Mugabe’s legacy is highly divided. While some regard him as a revolutionary leader who brought freedom to Zimbabwe and reprieve from Ian Smith’s racist regime, others view him as someone who colonized and impoverished his own country while his second wife Grace, shopped luxury items worth billions of dollars.
Mugabe spent ten years in jail fighting for independence of Zimbabwe. He is known to be a Marxist-Leninist but what many don’t know is that he was also influenced by Mahatma Gandhi’s idea of non-violence during his college days though he later joined the Zimbabwe African National Union’s armed struggle. The white-majority rule propagated by Ian Smith banned the organization and all other such groups which advocated majority rule.
Mugabe believed in educating himself. He worked as a college faculty for some years in Ghana and while in jail, got degrees through correspondence. His English was regarded to be flawless and eloquent even by his staunch critics.
After the bloody Bush War and years of resistance, Smith had to resign which led to the Lancaster House agreement and transfer of power to a black majority rule though Mugabe felt betrayed as all his interests were not accounted for.
The transfer of white-owned land to blacks attracted condemnation from majority of western countries but it made Mugabe a hero among his own people. Whites fled Zimbabwe in large numbers soon after he came to power.
Among his good programmes, the scheme to impart free primary education and half the fees of secondary education deserves praise but these were shortlived.
Though he preached reconciliation between the whites and blacks initially, his promises faded away with the brutal clampdown on opposition forces in Matabeleland by the army’s North Korean-trained Fifth Brigade. In the months of torture that followed, some international figures quote the killings of around 20,000 guerillas.
Rape, torture, mass beatings and ruthless silencing of opposition was common.
By the mid-1980s, Mugabe crushed his main rivals and consolidated control of the state. He advocated a one-party system and aligned himself closely to communist Cuba, China, and the Soviet Union. There was hardly any political opposition, just the remnants of a disgruntled white ruling class that had started migrating. Finally in 1987, Mugabe became the president after abolishing the post of prime minister and granted himself sweeping powers.
The elections which he presided were marred with widespread allegations of rigging and intimidation of political opponents. His regime is also known to be highly corrupt, looting state treasure at the cost of public poverty. Regular oppression of political opponents and journalists invited outrage against his government in international forums.
In 2008, when his Zanu-PF lost control of parliament, Mugabe responded by rigging the presidential election and stifled the voice of democracy.

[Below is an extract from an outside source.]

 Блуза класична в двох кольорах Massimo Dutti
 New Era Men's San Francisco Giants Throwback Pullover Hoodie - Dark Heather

Mugabe wanted to be remembered as an African nationalist but presided over the rapid economic decline and global diplomatic isolation of his own country.

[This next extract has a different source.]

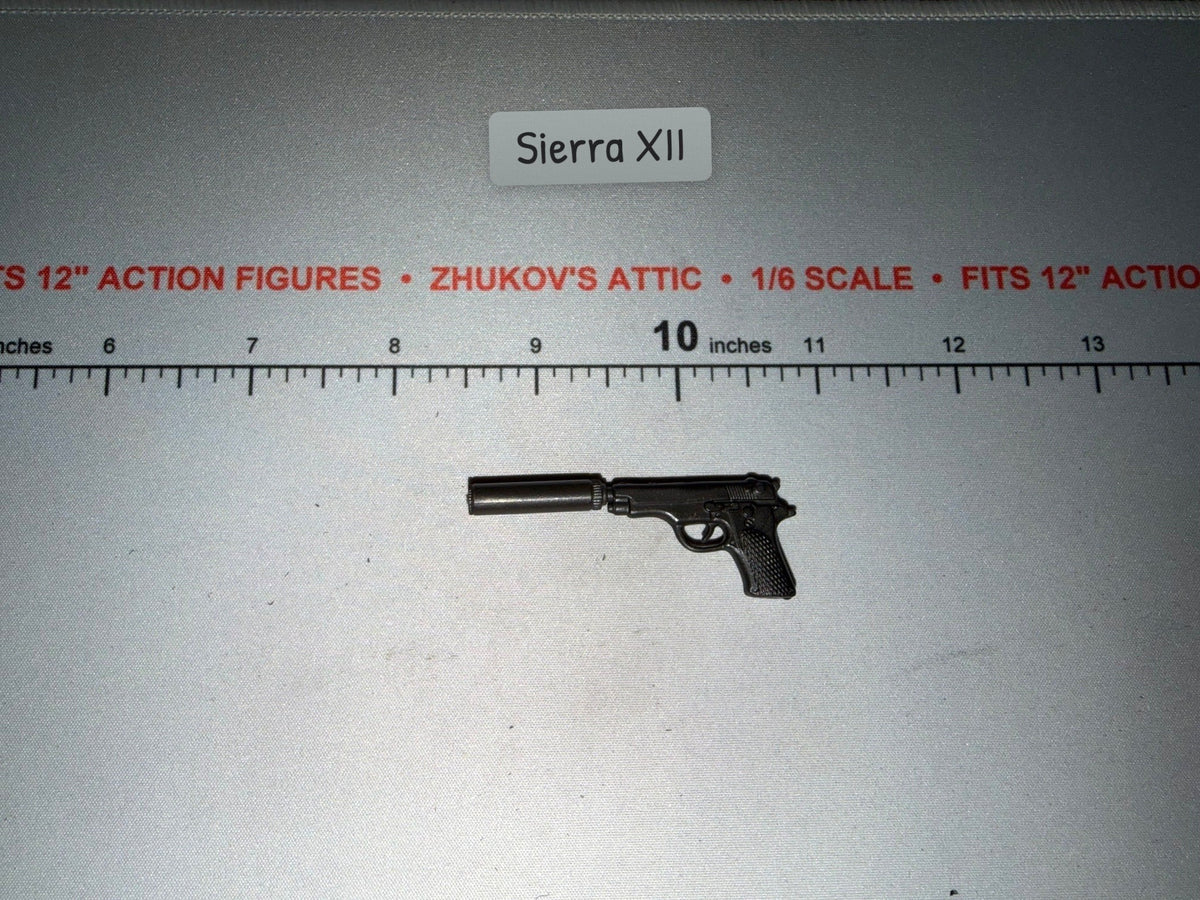 1/6 Scale Modern Era Pistol with Suppressor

Despite having a high literacy rate and abundance of minerals, today 80% of Zimbabweans are unemployed and in abrupt poverty.

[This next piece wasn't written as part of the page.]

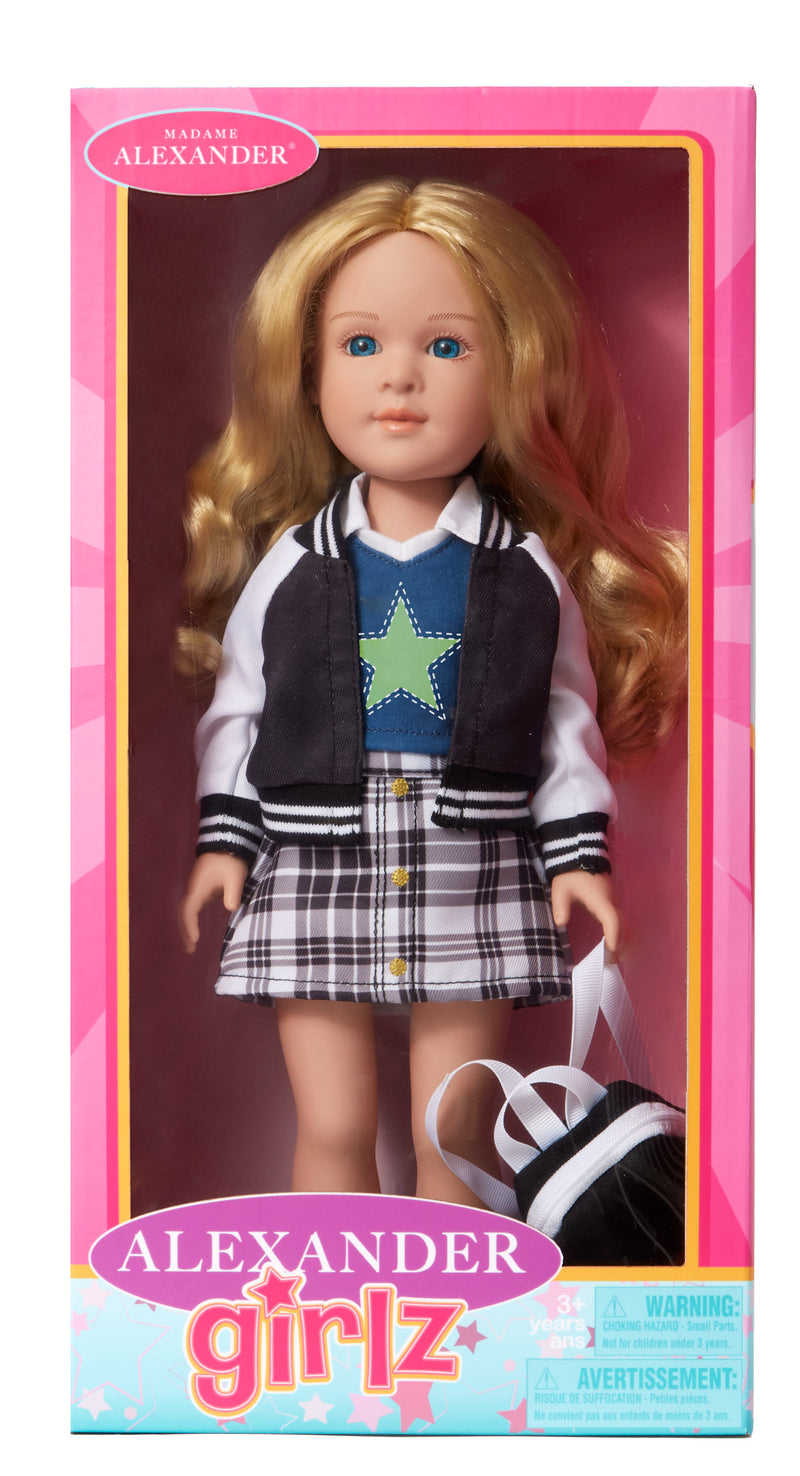 Brooks - 14" Alexander Girlz Play Doll, Light Skin Tone, Blue Eyes, Long Blonde Hair!  New for 2024!  In Stock!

Mugabe’s hatred for LGBTQ is widely known. His racist policies brought downfall of Zimbabwean cricket and forced many cricketers to seek asylum in foreign countries.
Mugabe’s government allowed massive corruption and mismanagement apart from a disastrous downward spiral of the economy, which saw both industry and commercial agriculture collapse. The economy is still struggling to recover, even after two years of his ouster.
Hence, it is to be seen whether the young Zimbabweans regard Mugabe as their founding father or despite him for running a tyrannical rule for nearly four decades.